Quick issue here. I got some batts inside the framing of the bathroom wall right now. this wall is an exterior wall. how should i go about insulating this wall? do i need a vapor retarder too?


----------



## oh'mike (Sep 18, 2009)

Use craft faced bats---that is enough of a vapor barrier---


----------



## federer (Aug 20, 2010)

oh'mike said:


> Use craft faced bats---that is enough of a vapor barrier---


you are everywhere mike! like a angel on my shoulder:thumbup:


----------



## oh'mike (Sep 18, 2009)

I like your questions--because I know the answers!


----------



## Windows on Wash (Aug 30, 2011)

federer said:


> you are everywhere mike! like a angel on my shoulder:thumbup:


That is why he is the winner this month...!!!



oh'mike said:


> I like your questions--because I know the answers!


Too Funny. :laughing::laughing:


What is the exterior sheathing/cladding like here behind those batts? 

Be sure to open it up and air seal that exterior wall to get all the cold and unconditioned air locked up. 

Some rigid foam cobbled between wouldn't hurt either.


----------



## joecaption (Nov 30, 2011)

Is this in a basement?
Is this in an older balloon framed house?
Trying to figure out why this looks like a raised platform with no bottom plate visible.
Going to be a royal pain to try and rip insulation along it's width then try to fit it into that odd ball stud spacing and not have gaps or compressed insulation.
I'd be using blue foam instead.
If it's balloon framed there should have been fire blocking at the top and bottom of the wall.


----------



## Windows on Wash (Aug 30, 2011)

joecaption said:


> Is this in a basement?
> Is this in an older balloon framed house?
> Trying to figure out why this looks like a raised platform with no bottom plate visible.
> Going to be a royal pain to try and rip insulation along it's width then try to fit it into that odd ball stud spacing and not have gaps or compressed insulation.
> ...


Looks like two layers of subfloor to me.

That might be what is covering up the bottom plate if it is there.


----------



## federer (Aug 20, 2010)

joecaption said:


> Is this in a basement?
> Is this in an older balloon framed house?
> Trying to figure out why this looks like a raised platform with no bottom plate visible.
> Going to be a royal pain to try and rip insulation along it's width then try to fit it into that odd ball stud spacing and not have gaps or compressed insulation.
> ...


this is upstairs in the bathroom in attic. the house was built so the 2nd floor itself is the attic. the ceiling is directly under the roof. i am unaware of blue foam?


----------



## federer (Aug 20, 2010)

Windows on Wash said:


> That is why he is the winner this month...!!!
> 
> 
> 
> ...


the outside is regular siding. i should take a closer look by taking out the batts. thank you


----------



## federer (Aug 20, 2010)

what did mike win??


----------



## Windows on Wash (Aug 30, 2011)

The congratulations and adulation of his peers and friends....shouldn't that be enough.
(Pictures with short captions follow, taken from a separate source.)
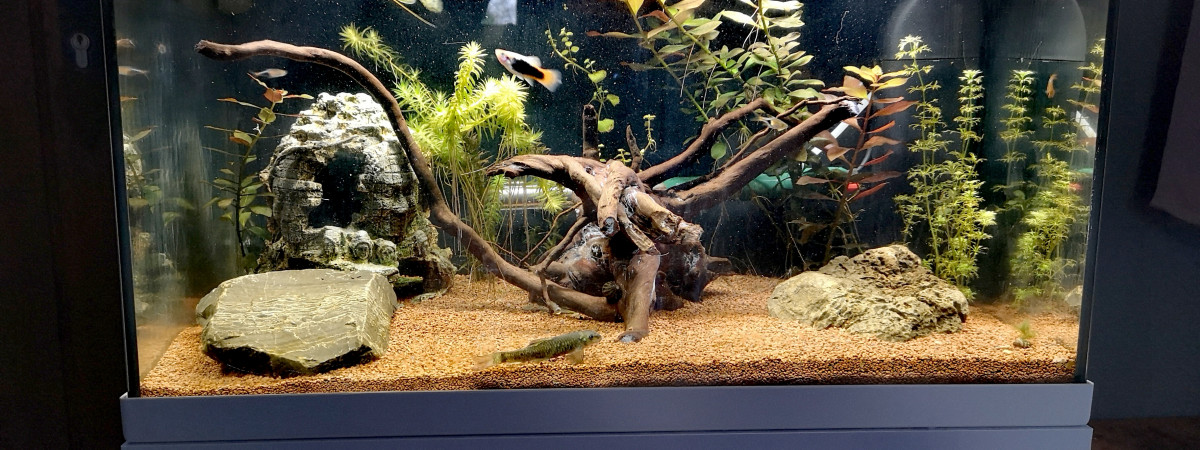 aquarium Aquatlantis 60L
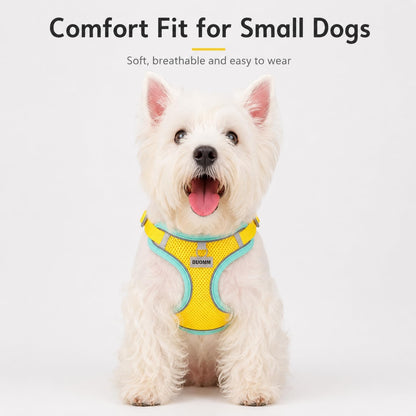 Adjustable Dog Harness and Leash Set, Reflective Mesh Puppy Vest Harness for Small Dogs and Cats-Yellow, S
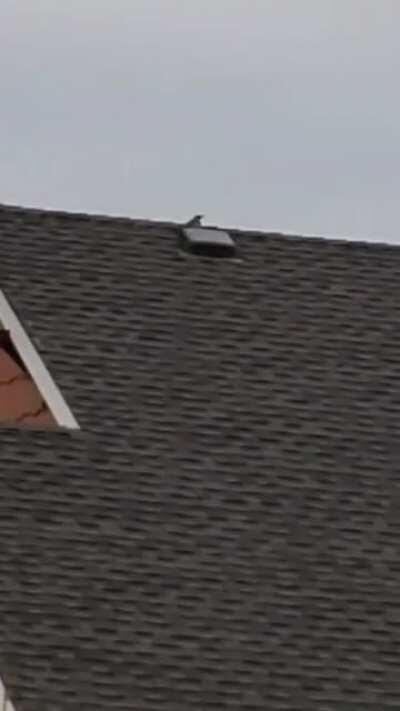 Woodpecker wake-up at 6:30 am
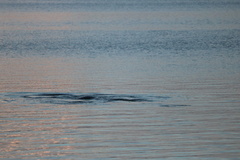Trichechus manatus latirostris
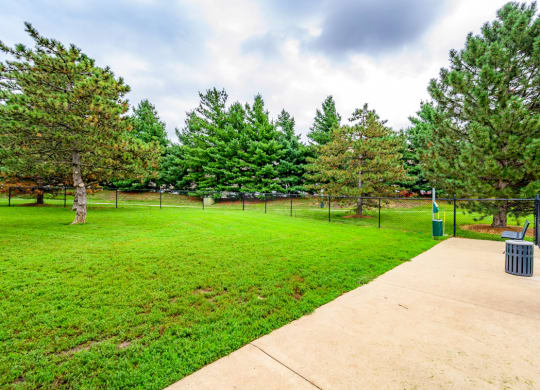 a grassy area with trees and a chain link fence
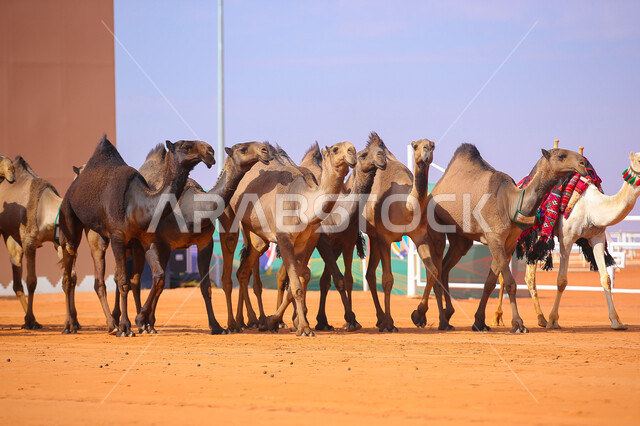أنشطة عربية شعبية تراثية، مفهوم تربية ورعاية الجمال، عرض أجود انواع النوق في السعوديه، بدء سباق الهجن في ذكرى تأسيس الدولة السعودية الأولى 22 فبراير, مجموعه من حيوان الجمل تجري على الرمال الذهبية الناعمة في المناطق الصحراوية، يوم بدينا 1727م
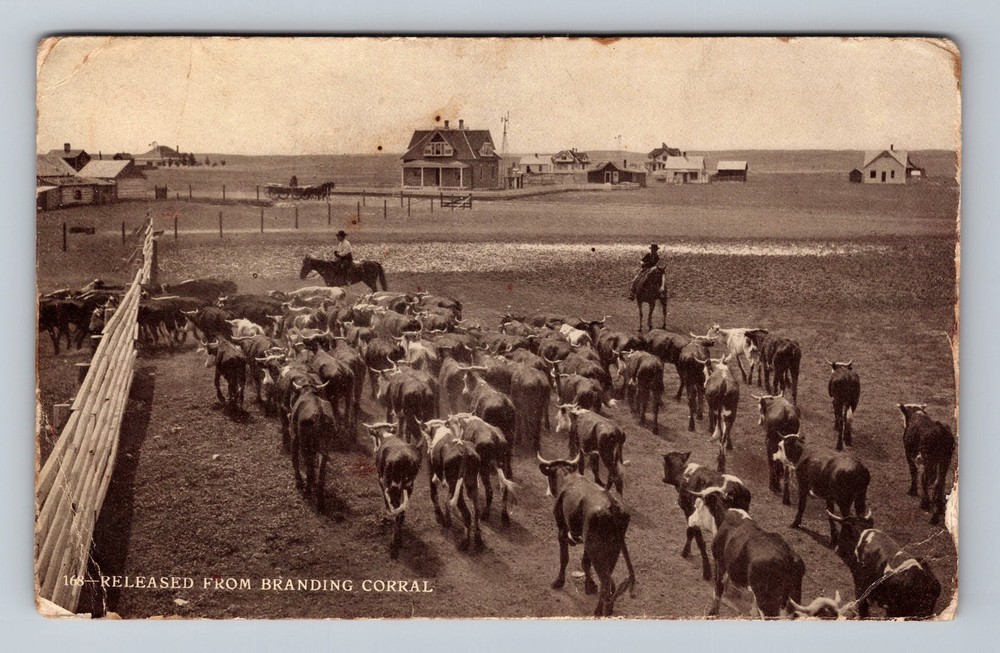 Cattle Released From Branding Corral Vintage c1908 Postcard Standard Souvenir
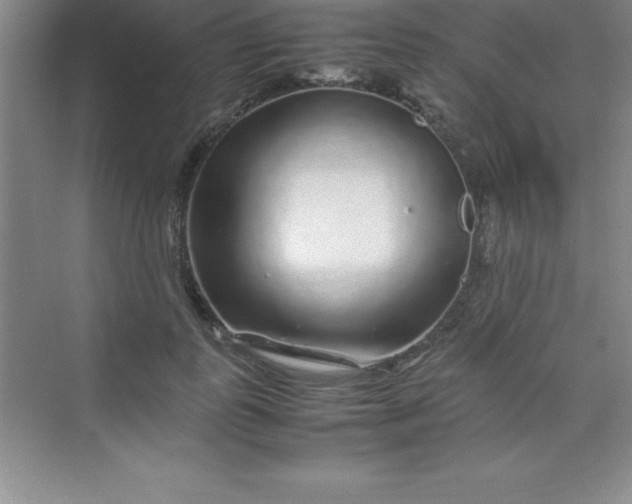 X0000070230747200606091716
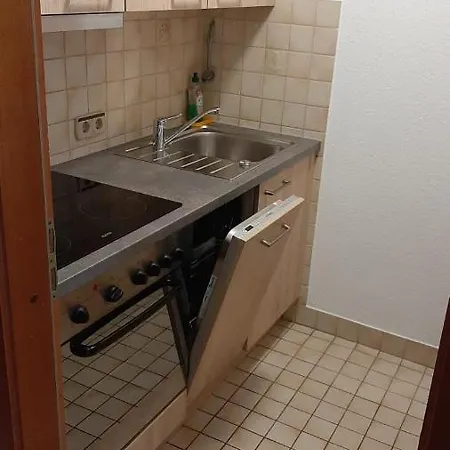 Haus Enere Au Antonia Und Milan Apartamento Todtmoos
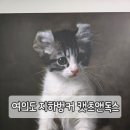 캣츠앤독스 | 여의도 지하벙커에서 만난 특별한 동물 이야기, <캣츠앤독스> 전시 후기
Yes...take a look at the siding.


----------



## federer (Aug 20, 2010)

Windows on Wash said:


> The congratulations and adulation of his peers and friends....shouldn't that be enough.
> 
> Yes...take a look at the siding.


what peers and friends:laughing:


----------



## federer (Aug 20, 2010)

Windows on Wash said:


> The congratulations and adulation of his peers and friends....shouldn't that be enough.
> 
> Yes...take a look at the siding.


ok bad news. i looked at the siding behind the insulation. yikes!
what do you think?


----------



## federer (Aug 20, 2010)

theres a ton of nails sticking through. i assume its from installing the siding? and its pretty darn moist...some of the insulation is sticking to it as you can see. i am guessing the wetness was caused by condensation since this is an exterior wall.


----------



## Windows on Wash (Aug 30, 2011)

If the plywood is still okay, time for some rigid foam cut and cobbled in there.

See if it drys out and isn't the result of interior condensation and moisture.


----------



## federer (Aug 20, 2010)

Windows on Wash said:


> If the plywood is still okay, time for some rigid foam cut and cobbled in there.
> 
> See if it drys out and isn't the result of interior condensation and moisture.


thank you. i dont think its plywood...when i touched it it felt like 1/8 thick. thats how thin it felt.

rigid foam meaning the flat panels?


----------